On Monday evening the storm slammed into the East Coast of the United States, causing power cuts and heavy flooding in a zone where some 150 data centres are situated, in the states of Virginia, New Jersey and New York, according to a tally by the site Datacentermap.
Data centres, which house and treat computer data, are the nerve centres housing the servers that contain companies’ strategic data and through which there flow the data from telecommunications operators and online content sites. “Thousands, even tens of thousands of Internet sites, of all sizes and worldwide are unavailable,” a senior employee of a European operator who did not want to be identified told AFP.
For example, the French Huffington Post site posts a message that, due to power outages caused by superstorm Sandy, its own website is experiencing technical difficulties. Popular sites such as the American site Gawker.com (news and personalities), the chat platform Zopim and the specialist site CafeMom, could not be accessed.
Several of the sites that are inoperative are housed by the US company Datagram, based in New York and hit by the storm. A graphic sent to AFP by an operator analysing on an hourly basis the activity of one East Coast Internet hub showed that traffic had peaked strongly on Monday evening as users logged on seeking news. It fell back some hours later as a result of power cuts and network failures caused by the storm.
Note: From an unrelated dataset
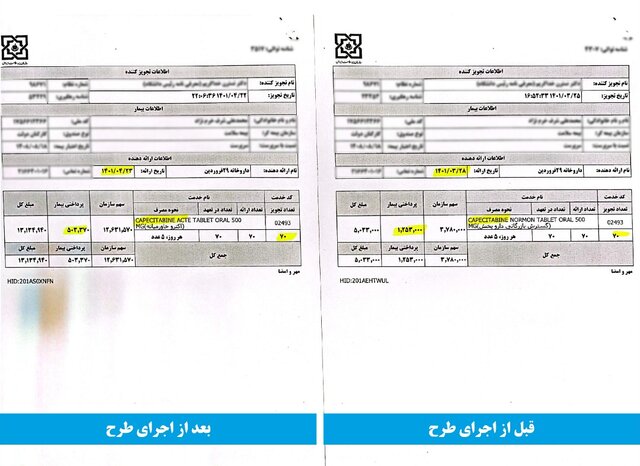 «دارویاری» و چند و چون نسخه‌پیچی برای بیماران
Most data centres switched to back-up fuel-driven generators but these can rapidly run dry because the largest centres consume colossal amounts of power, the equivalent of that used by a medium-sized town.
The Franco-American company Cedexis is a kind of Internet switching operator which redirects requests and data flows of content publishers to the best centres according to the traffic. It said its customers were “automatically redirected to data centres or content providers located outside the Sandy zone, as is always the case when we detect an anomaly.”